Provided data
········
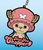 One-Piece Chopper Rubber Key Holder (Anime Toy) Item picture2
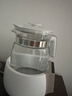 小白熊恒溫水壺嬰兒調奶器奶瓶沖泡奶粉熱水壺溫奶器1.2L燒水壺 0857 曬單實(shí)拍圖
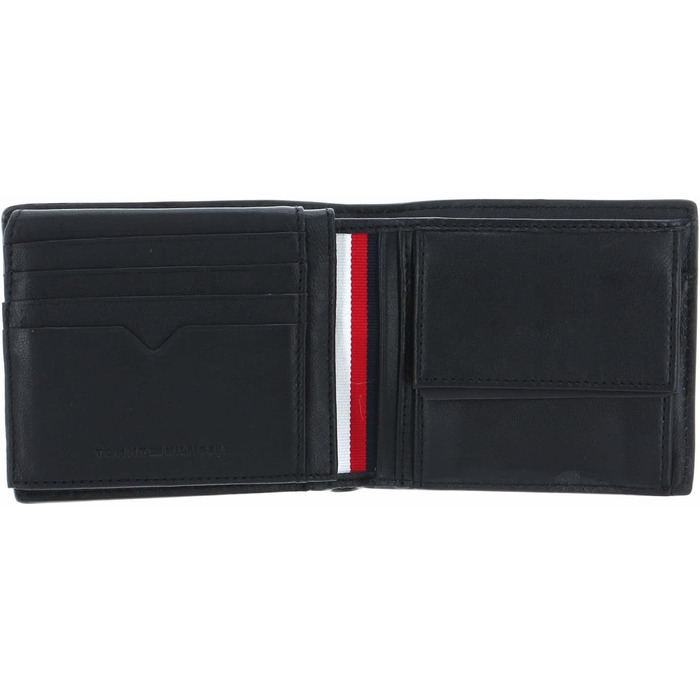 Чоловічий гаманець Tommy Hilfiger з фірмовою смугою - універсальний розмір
········
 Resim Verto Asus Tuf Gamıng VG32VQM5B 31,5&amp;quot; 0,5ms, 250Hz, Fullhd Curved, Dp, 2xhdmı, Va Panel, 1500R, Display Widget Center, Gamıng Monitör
········
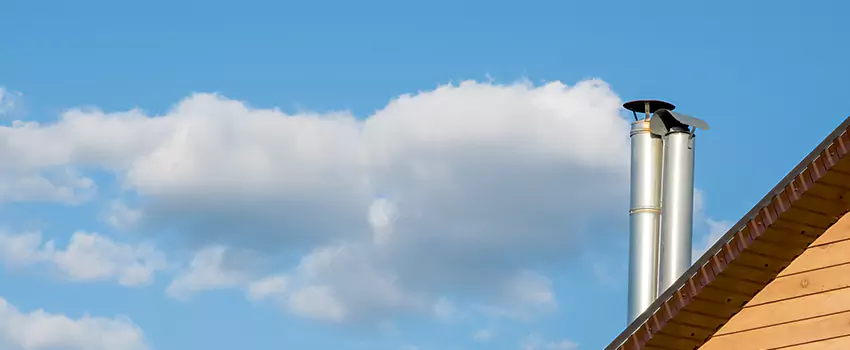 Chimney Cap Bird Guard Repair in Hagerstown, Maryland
········
Instructions for the task
Write down exactly what the lines above say, from the line holding "One-Piece Chopper Rubber" through the line holding "Чоловічий гаманець Tommy", and nothing more. Do not copy the pictures.

Task solution
 One-Piece Chopper Rubber Key Holder (Anime Toy) Item picture2
 小白熊恒溫水壺嬰兒調奶器奶瓶沖泡奶粉熱水壺溫奶器1.2L燒水壺 0857 曬單實(shí)拍圖
 Чоловічий гаманець Tommy Hilfiger з фірмовою смугою - універсальний розмір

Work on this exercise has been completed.